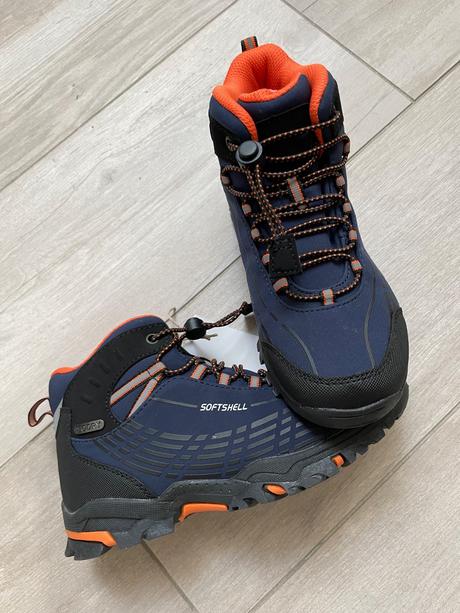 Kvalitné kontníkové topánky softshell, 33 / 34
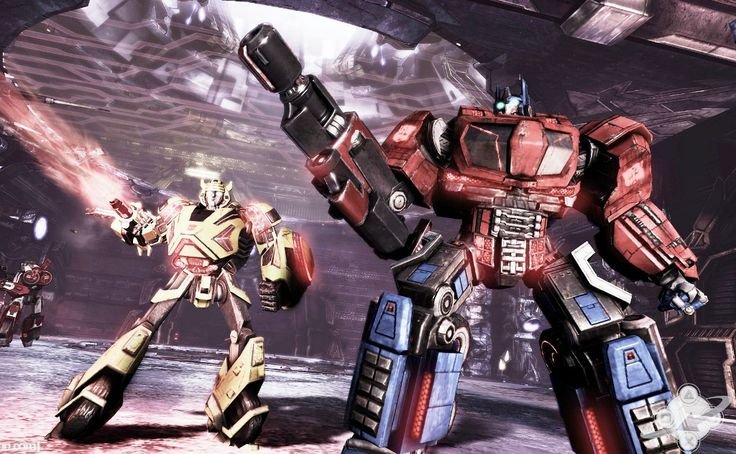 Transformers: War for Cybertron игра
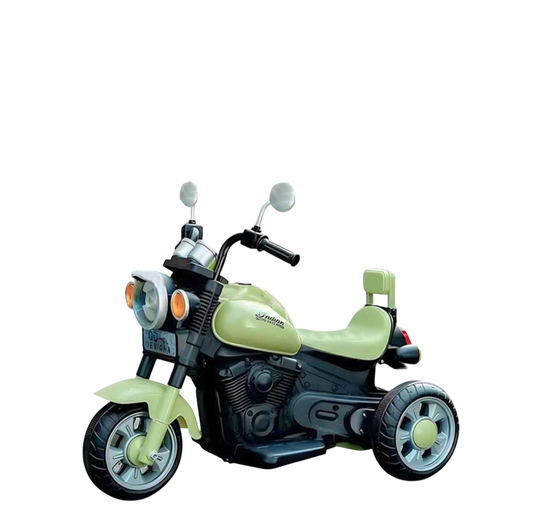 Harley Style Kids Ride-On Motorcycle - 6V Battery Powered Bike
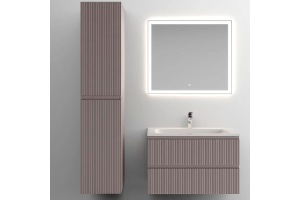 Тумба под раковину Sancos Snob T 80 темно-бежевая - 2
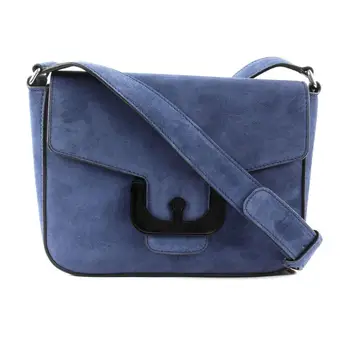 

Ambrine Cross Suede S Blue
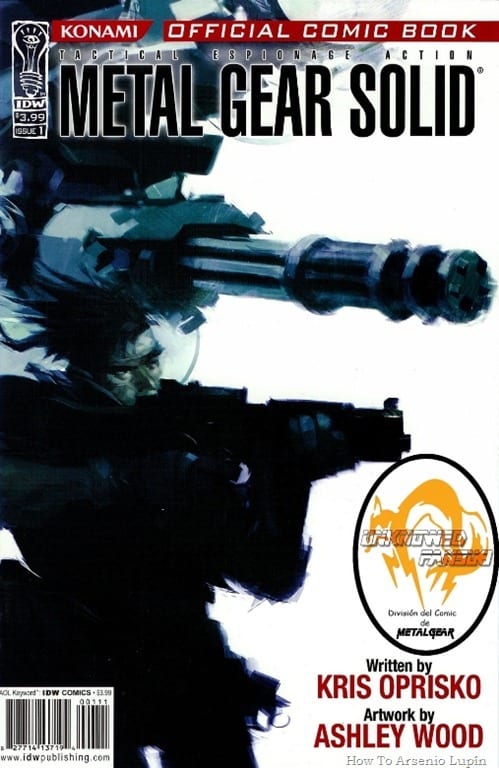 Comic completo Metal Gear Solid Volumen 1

:::

EXERCISE – Beginning with the line that contains "Harley Style Kids" and ending with the last line of the data, restate each line word for word. Exclude the pictures.

WRITTEN SOLUTION –
 Harley Style Kids Ride-On Motorcycle - 6V Battery Powered Bike
 Тумба под раковину Sancos Snob T 80 темно-бежевая - 2

Ambrine Cross Suede S Blue
 Comic completo Metal Gear Solid Volumen 1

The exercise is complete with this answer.